Generative AI is a subfield of artificial intelligence that develops AI models to create new content, such as text, images, videos, audio, and code.

This technology relies on large datasets in order to “train” the models. During training, the model identifies patterns, associations, and characteristics within the training data to build statistical representations of the data. 

When a user provides a prompt, the model activates the patterns learned from the training data to generate an output. It is a probabilistic model, in that it predicts the most likely next element (a word in a sentence, a pixel in an image) to produce outputs that match prompt instructions.

Generative AI depends on human labor. Companies scraped the training data from the open Internet, including websites, social-media posts, and other online material, as well as pirated collections of copyrighted works. Data workers review and annotate data and model outputs, flagging inaccurate, offensive, or harmful responses. 

Important to Know

Accuracy & Bias

  • Generative AI models are trained on large datasets in order to learn patterns and build associations. Datasets, training, and prompting techniques all impact how accurate or inaccurate genAI models are in their outputs.
  • Generative AI may produce inaccurate information (often called “hallucinations”). You should verify information you are getting from generative AI.  
  • Generative AI models have been shown to reflect or amplify social biases embedded in their training datasets related to race, gender, and other identities. 
    • Companies usually do not share exactly what datasets their models are trained on, making it difficult to assess potential sources of bias.

User Data & Privacy

  • Many generative AI platforms collect user data, including information you input into the system (“prompts”), and may use this data to further train their modelsYou will usually need to proactively opt out of data collection or training.
  • If you use a personal or free account, you may have little to no privacy and data protection. Check Amherst IT's tool ratings and College guidelines to mitigate privacy and data risks. Before you start using a tool, make sure you understand its privacy, security, and accessibility, along with associated risks.

Model capability shifts

  • Models are changing constantly. Experimenting with different prompts and evaluating the results will help you understand what model may work best for your needs.

Using Generative AI

Getting started with prompts

A prompt is a starting point or instruction you give to the model to generate specific content. It can be in the form of a statement or a question.
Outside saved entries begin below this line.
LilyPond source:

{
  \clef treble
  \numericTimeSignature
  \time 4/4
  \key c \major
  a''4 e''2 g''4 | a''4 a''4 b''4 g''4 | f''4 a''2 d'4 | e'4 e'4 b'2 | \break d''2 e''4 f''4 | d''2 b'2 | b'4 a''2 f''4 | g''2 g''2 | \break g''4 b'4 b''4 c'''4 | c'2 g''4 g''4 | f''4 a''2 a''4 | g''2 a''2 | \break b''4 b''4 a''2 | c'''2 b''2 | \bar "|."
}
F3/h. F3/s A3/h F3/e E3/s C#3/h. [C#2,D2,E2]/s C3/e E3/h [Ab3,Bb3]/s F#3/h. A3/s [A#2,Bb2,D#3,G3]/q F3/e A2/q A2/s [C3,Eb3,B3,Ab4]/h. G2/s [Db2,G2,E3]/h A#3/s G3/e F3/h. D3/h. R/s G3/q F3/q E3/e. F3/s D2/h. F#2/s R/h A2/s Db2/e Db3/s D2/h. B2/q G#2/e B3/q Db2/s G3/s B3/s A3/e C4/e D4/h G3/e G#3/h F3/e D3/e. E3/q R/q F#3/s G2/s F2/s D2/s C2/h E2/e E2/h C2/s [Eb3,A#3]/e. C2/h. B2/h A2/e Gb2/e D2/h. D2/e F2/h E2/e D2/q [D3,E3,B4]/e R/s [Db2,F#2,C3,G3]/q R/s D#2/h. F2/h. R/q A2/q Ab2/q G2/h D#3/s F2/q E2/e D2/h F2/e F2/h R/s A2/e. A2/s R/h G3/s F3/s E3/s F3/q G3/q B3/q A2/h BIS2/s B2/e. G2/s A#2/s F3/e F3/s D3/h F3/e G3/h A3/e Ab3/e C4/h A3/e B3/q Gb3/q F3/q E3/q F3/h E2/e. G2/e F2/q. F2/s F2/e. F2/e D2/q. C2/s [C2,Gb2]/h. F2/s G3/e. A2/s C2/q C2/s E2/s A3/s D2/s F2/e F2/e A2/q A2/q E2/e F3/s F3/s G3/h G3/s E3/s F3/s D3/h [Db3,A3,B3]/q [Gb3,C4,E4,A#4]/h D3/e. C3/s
Think of it as a first step to getting where you want to go.

Making good prompts

There are lots of different prompt techniques you can try, but here are some of the basic elements of a good prompt process:

  • using simple and clear language
  • including context or background information that's relevant to your desired output
  • being specific about the format, length, style, etc. of the output that you want
  • including examples of the desired type of response or format for outputs
  • avoiding prompts that may generate harmful or inappropriate content
  • refining and iterating in response to outputs

Prompting is dynamic

Refining and iterating is important because prompting is a dynamic process. Systems may produce different outputs to the same prompt over time, or be sensitive to slight wording changes in prompts (ex: "fair" instead of "just").

Important: Generative AI tools may operate in a conversational manner, but models do not "think" in a way a person would. If you ask a generative AI model to explain itself, it will simply provide an output that sounds like a plausible explanation for its behavior. If you find that your tool is not providing good outputs, it's best to start over with a different prompt strategy or consider if the tool is not a good fit.